1o Nouvelle-Calédonie. — Découverte en 1774 par Cook, illustre navigateur anglais, la Nouvelle-Calédonie nous appartient depuis 1853. Son nom, tout à fait insensé, rappelle un pays brumeux, l’Écosse ; or, cette île océanienne est chaude, sous des cieux étincelants.

Inclinée du nord-ouest au sud-est, à 1 300 kilomètres à l’orient des côtes du Queensland (Australie), sa pointe septentrionale est presque effleurée par le 20e degré de latitude sud, et sa pointe méridionale finit entre le 22e et le 25e degré. Elle a 375 kilomètres de long sur 48 à 60 de large, et 1 830 000 hectares : 1 972 000 avec les îles Loyauté, ses dépendances.

Elle a donc la grandeur de trois départements moyens. Des récifs madréporiques, ceinture dangereuse, l’environnent ; ils font office de brise-lames et sont coupés de passes menant à des eaux tranquilles. De nombreuses baies, quelques-unes vastes et sûres, s’ouvrent sur ces flots calmes et reçoivent des torrents sans longueur, la haute montagne étant voisine.

C’est dans le nord de l’île que se dressent les cimes les plus fières qu’on ait mesurées jusqu’à ce jour, là aussi que serpente la plus longue rivière.

La montagne la plus élevée, au-dessus de la côte du nord-est, a 1 700 mètres ; elle a détrôné le Humboldt (1 610 mètres), le Cando des sauvages, mont du sud qu’on avait pris d’abord pour le géant calédonien.

Parmi les torrents qui, de ravine en ravine, à travers des bois d’un vert foncé, s’abandonnent à la raideur de ces monts et courent à la mer d’orient ou à celle d’occident, le plus long, le Diahot, rivière aurifère, finit tout au nord de l’île, sur les plages qui virent Cook aborder en Calédonie.

La Calédonie, climat heureux, a une saison chaude où le thermomètre dépasse rarement 32 degrés, et une saison froide.

Froide ici veut dire fraîche, car dans les mois les plus rudes, qui sont juillet et août[1], le mercure ne descend jamais au-dessous de +9°, au bord de la mer s’entend ; la montagne, suivant ses altitudes, est moins ou beaucoup moins tempérée.
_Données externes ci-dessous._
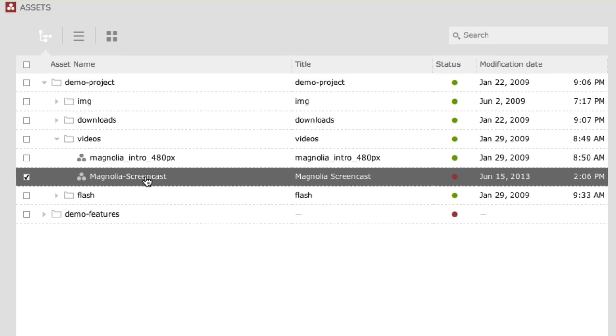Now, let's also add a poster image that will serve as a thumbnail on the page before the video is played. To do so, we simply repeat the steps from the video upload.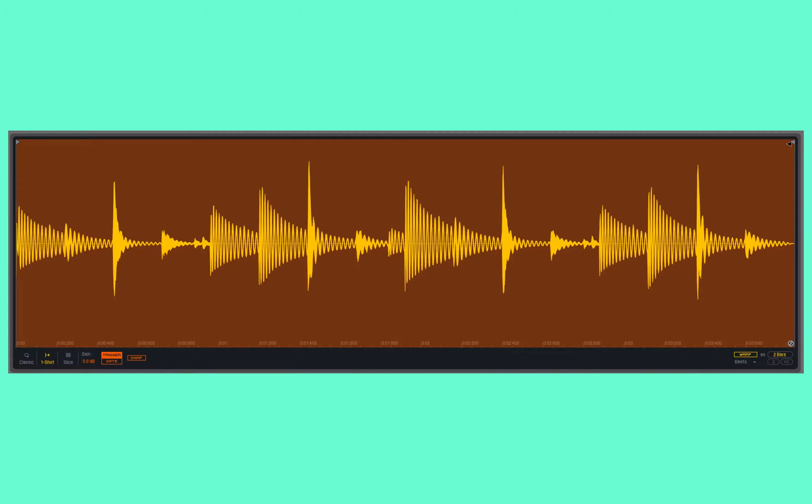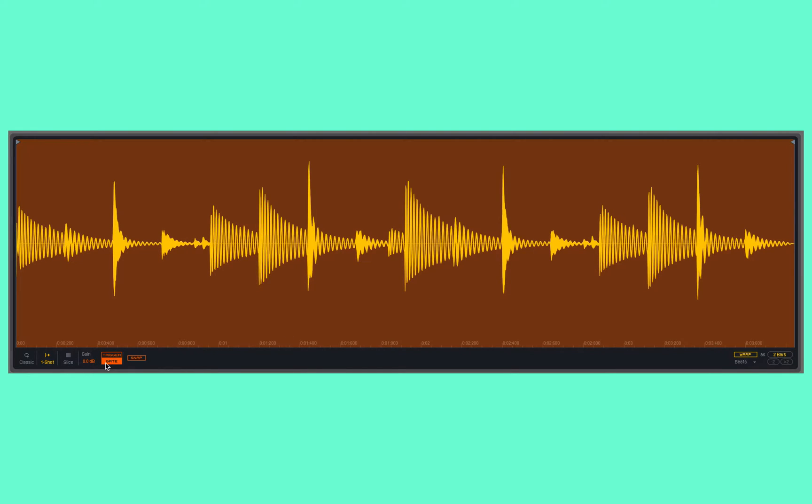If I switch to Gate mode, now it's going to only continue to play the sample back until I release the note. We'll talk about a few more settings with this when we get into other controls within Simpler, but for now just understand the difference between Trigger and Gate.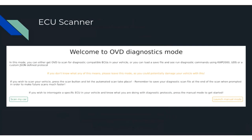The ECU scanner is a major part of this project. There are two modes: one where OVD scans the car for ISOTP endpoints and queries each endpoint to check if it supports KWP or UDS, and a manual mode for when you've completed the scan and have OVD JSON loaded up to start a proper diagnostic session.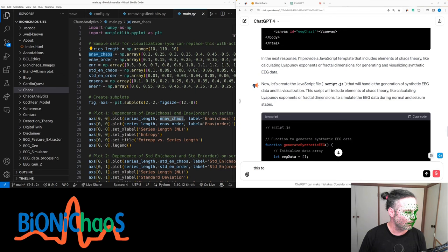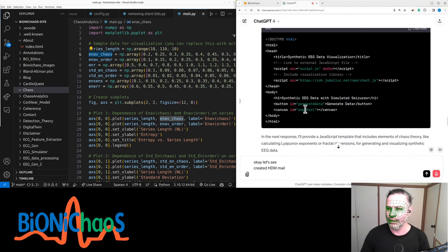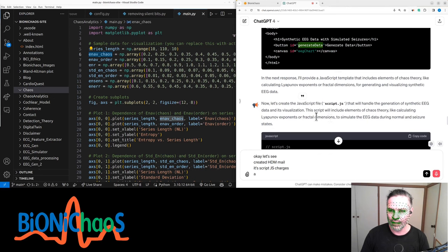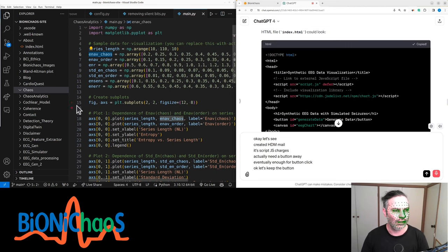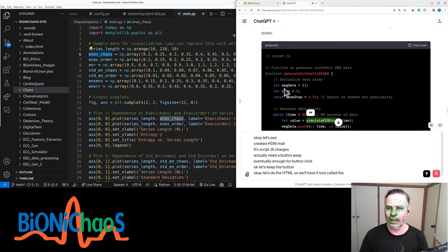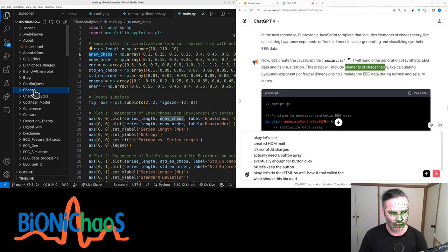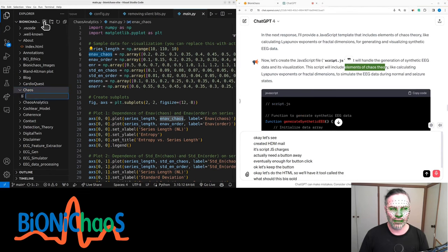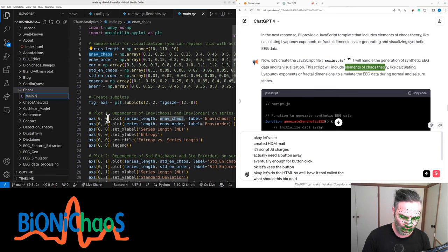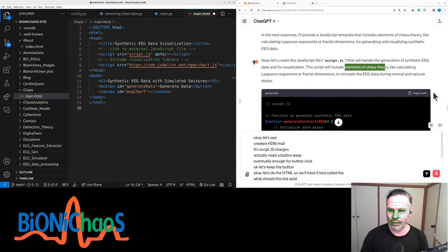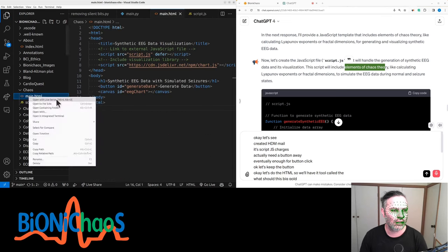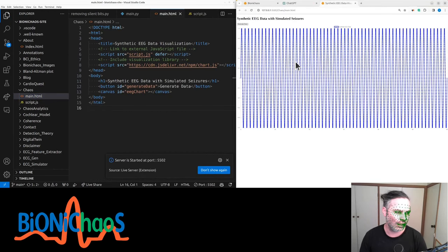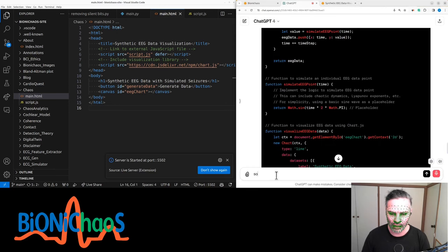Created HTML, script.js, and chart.js. We don't actually need a button — actually, let's keep the button. We'll call the tool 'chaos' for now. We have main HTML with that code in it, and script.js — this of course will not work because we have a couple of things missing. Stopping it in live server. Okay, the HTML is working, which is good. We would love to keep things executable.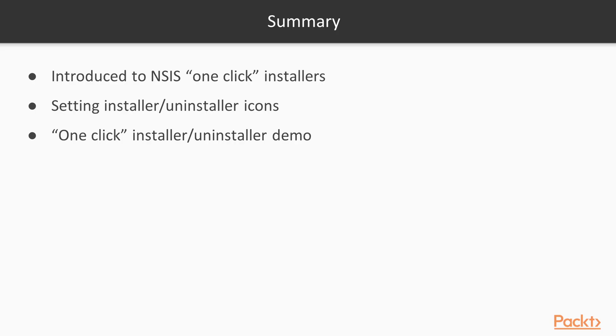In this video, we saw what NCS one-click installers are. We saw how to set different icons for the installer and uninstaller applications. And finally, we saw these modern installers in action.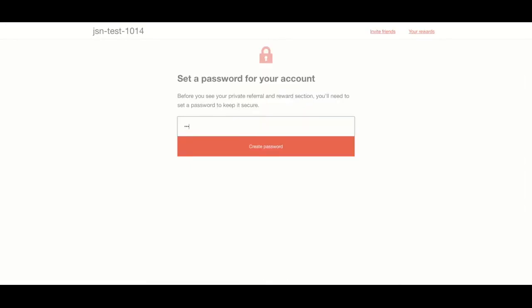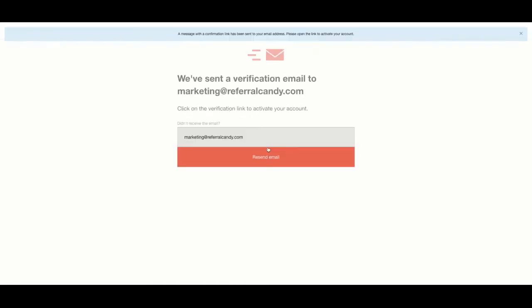If this is your first time logging in to see your rewards, you'll be asked to set a password for your account.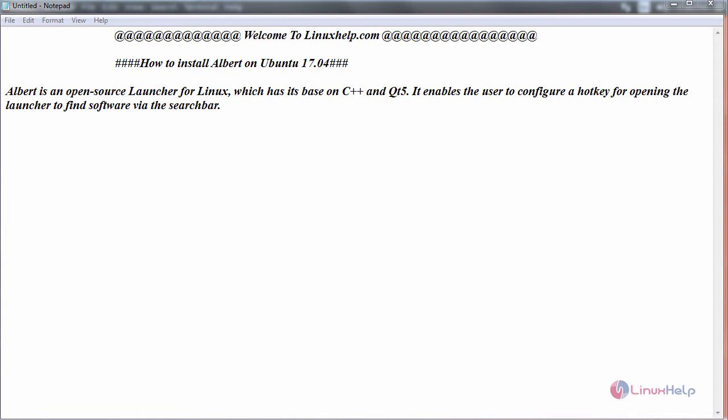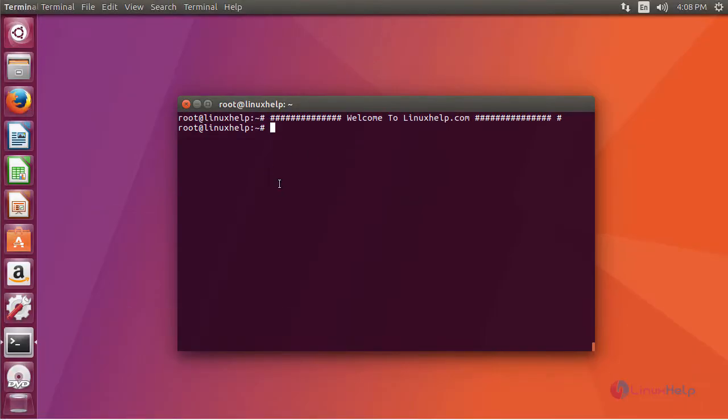Now let us see the installation. For that, switch to your terminal and first add its repository.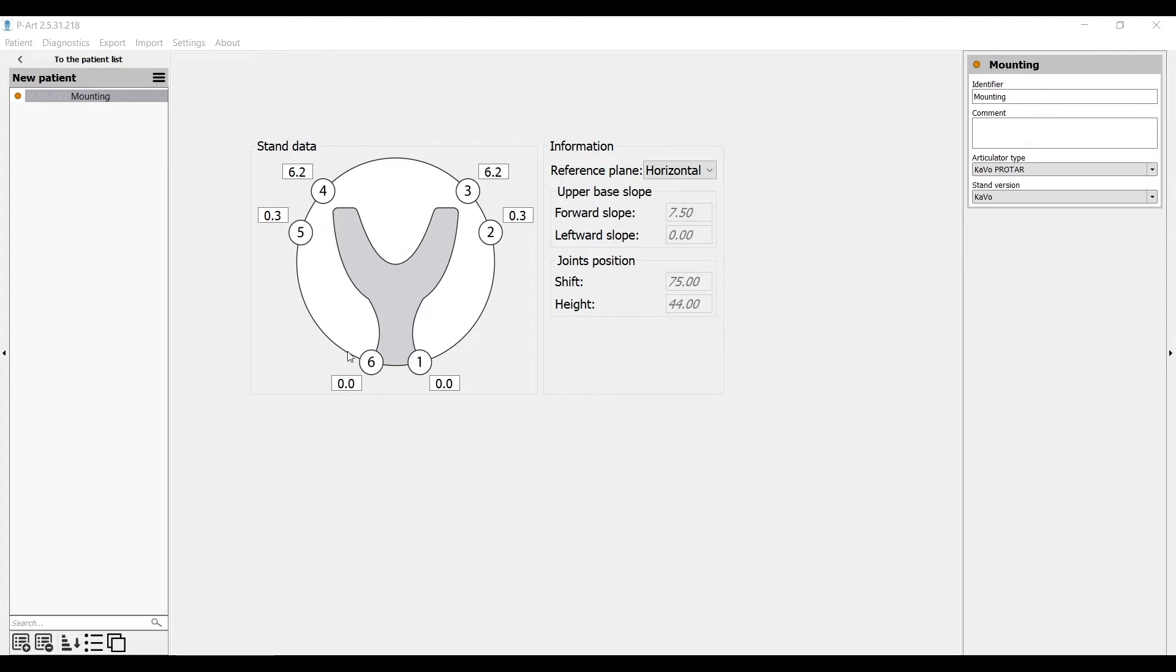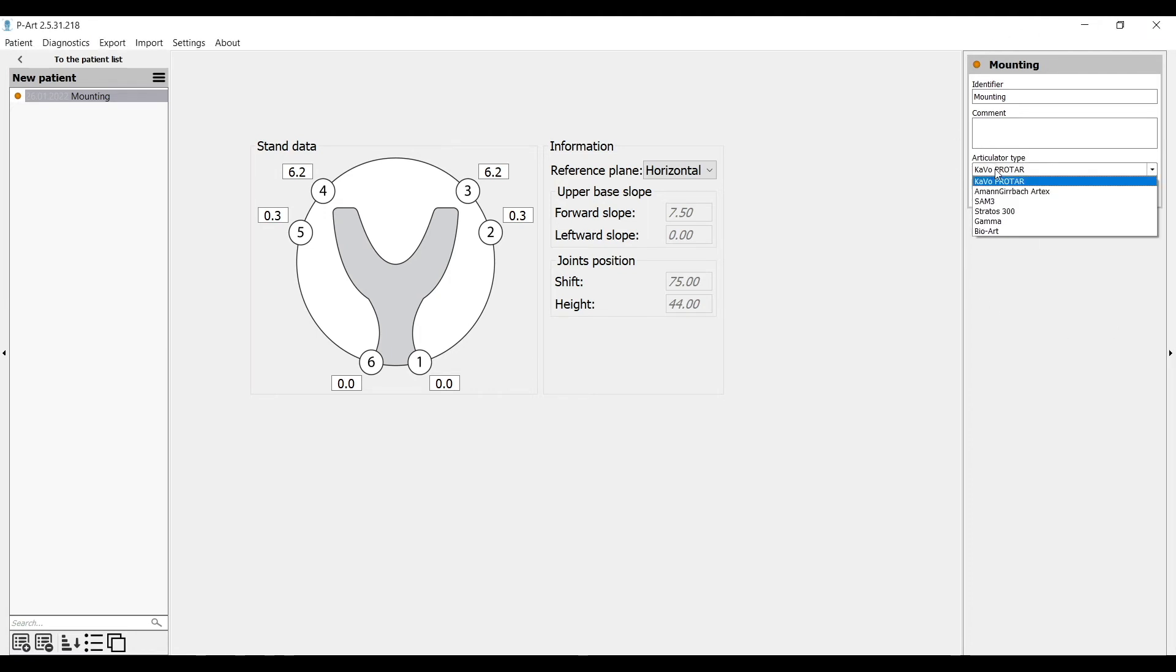For work with it we need to use Digital Facebow. When we get the settings, they are suitable to particular articulator. To choose the articulator we need the right menu and choose the type of articulator you plan to work with. And you will see the changes of numbers.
En moyenne, il tombe un mètre de pluie par an.

Mais la douceur de ce beau climat n’en est point la première vertu : elle ne vaut pas sa parfaite salubrité. Bien que la Calédonie s’allonge entre le Tropique et l’Équateur, les Européens y vivent sans péril, ils y cultivent en plein soleil, ils y créent des familles robustes. Les Franco-Calédoniens vantent son air pur, les galériens qu’on y débarque trouvent en toute saison le joyeux printemps ; ils n’y meurent point à milliers comme ils mouraient en Guyane.

On attribue ce climat innocent à diverses causes : la Calédonie est une île étroite, accessible en tous lieux aux vents de la mer ; les alizés y soufflent une partie de l’année ; elle est fortement penchée, tant vers l’est que vers l’ouest, tant au nord qu’au sud, et l’inclinaison des terrains ordonne aux eaux de se hâter dans leur course vers la mer ; enfin beaucoup de ses roches de craie lâche boivent aussitôt les gouttes ou gouttelettes de pluie. Mais tout cela ne suffit pas.

Il y a dans ce pays des vallées fermées aux brises de l’Océan, des marais d’où devrait monter la mort ; et pourtant là-même Indigènes et Européens se portent à merveille. Le niaouli, qui est un myrte aromatique, croît précisément en forêts dans ces vallées et sur le tour de ces marécages. Serait-ce le bienfaiteur de la Calédonie, comme l’eucalyptus est celui de l’Algérie ?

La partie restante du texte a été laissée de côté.